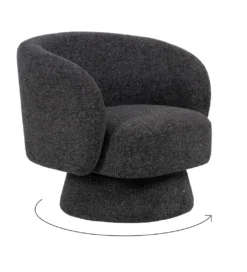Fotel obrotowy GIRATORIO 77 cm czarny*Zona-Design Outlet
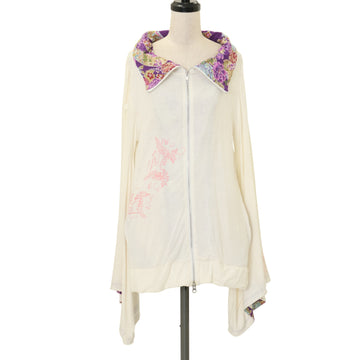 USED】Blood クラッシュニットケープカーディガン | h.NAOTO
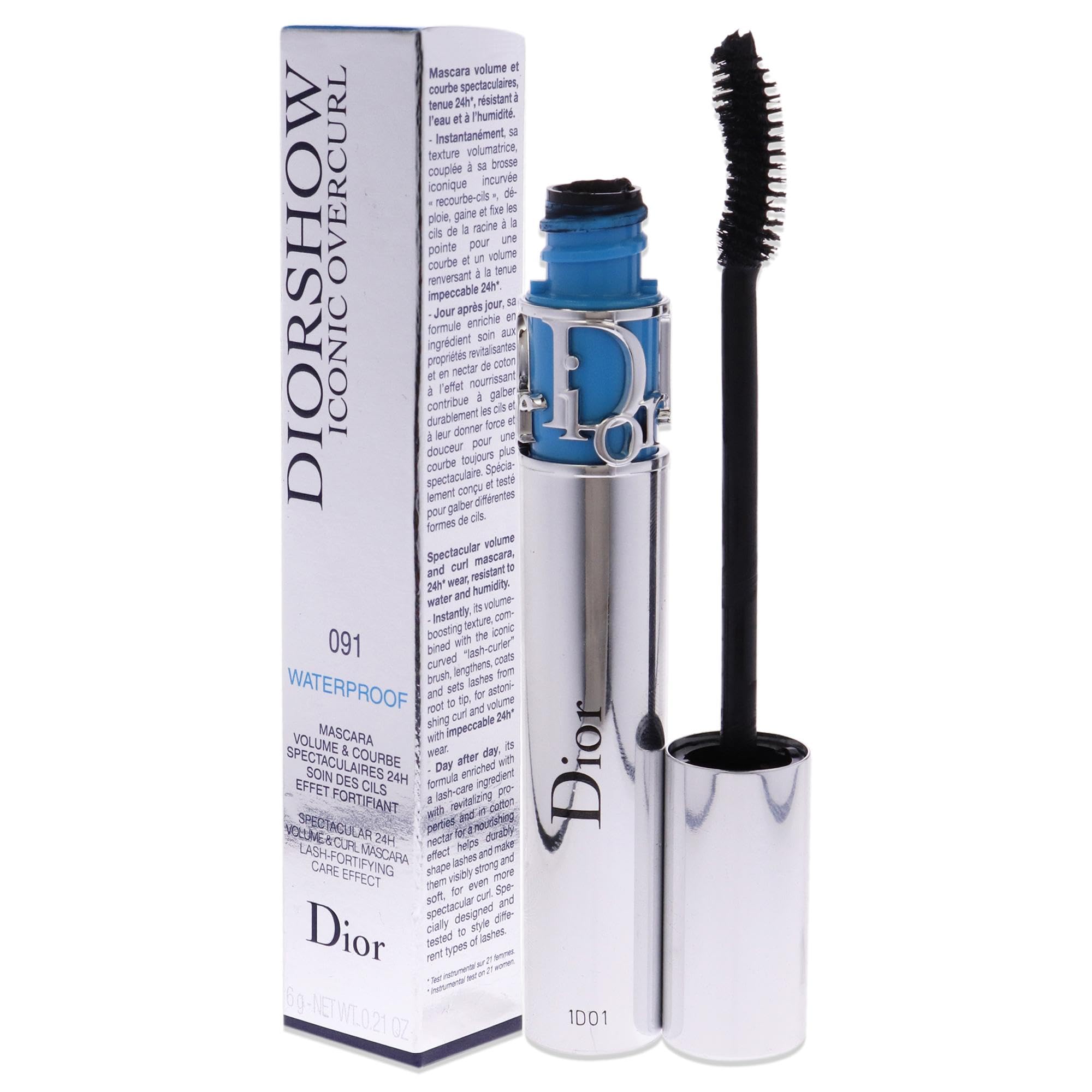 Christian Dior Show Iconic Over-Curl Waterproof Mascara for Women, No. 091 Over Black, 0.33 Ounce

++++++++++

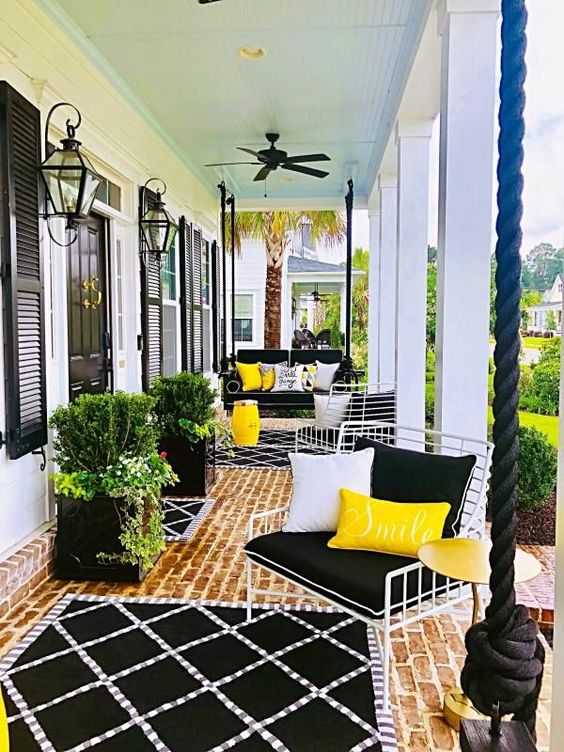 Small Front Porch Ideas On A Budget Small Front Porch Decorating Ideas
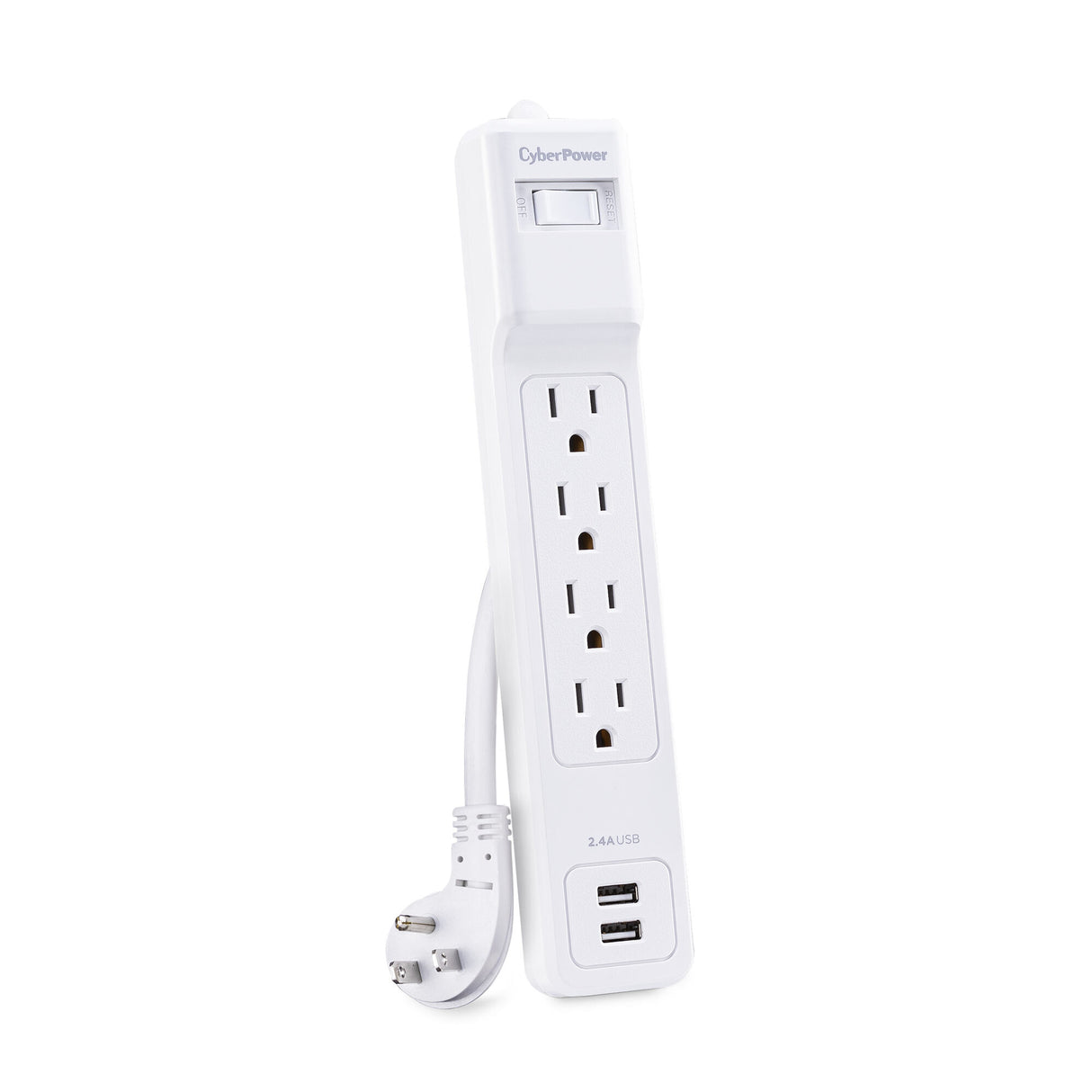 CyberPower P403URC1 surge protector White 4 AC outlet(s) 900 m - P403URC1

++++++++++

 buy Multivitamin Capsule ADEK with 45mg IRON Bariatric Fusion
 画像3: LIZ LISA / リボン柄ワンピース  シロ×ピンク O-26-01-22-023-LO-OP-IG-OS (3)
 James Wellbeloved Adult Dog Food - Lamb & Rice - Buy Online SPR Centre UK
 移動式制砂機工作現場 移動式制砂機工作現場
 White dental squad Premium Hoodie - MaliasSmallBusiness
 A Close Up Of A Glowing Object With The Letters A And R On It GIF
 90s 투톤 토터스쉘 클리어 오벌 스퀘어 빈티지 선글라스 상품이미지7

++++++++++

▶ **Task instructions**:
Copy out exactly the lines above beginning with the line that contains "Fotel obrotowy GIRATORIO" and finishing with the line that contains "Christian Dior Show", including both; leave the pictures out.

▶ **Output of the exercise**:
Fotel obrotowy GIRATORIO 77 cm czarny*Zona-Design Outlet
 USED】Blood クラッシュニットケープカーディガン | h.NAOTO
 Christian Dior Show Iconic Over-Curl Waterproof Mascara for Women, No. 091 Over Black, 0.33 Ounce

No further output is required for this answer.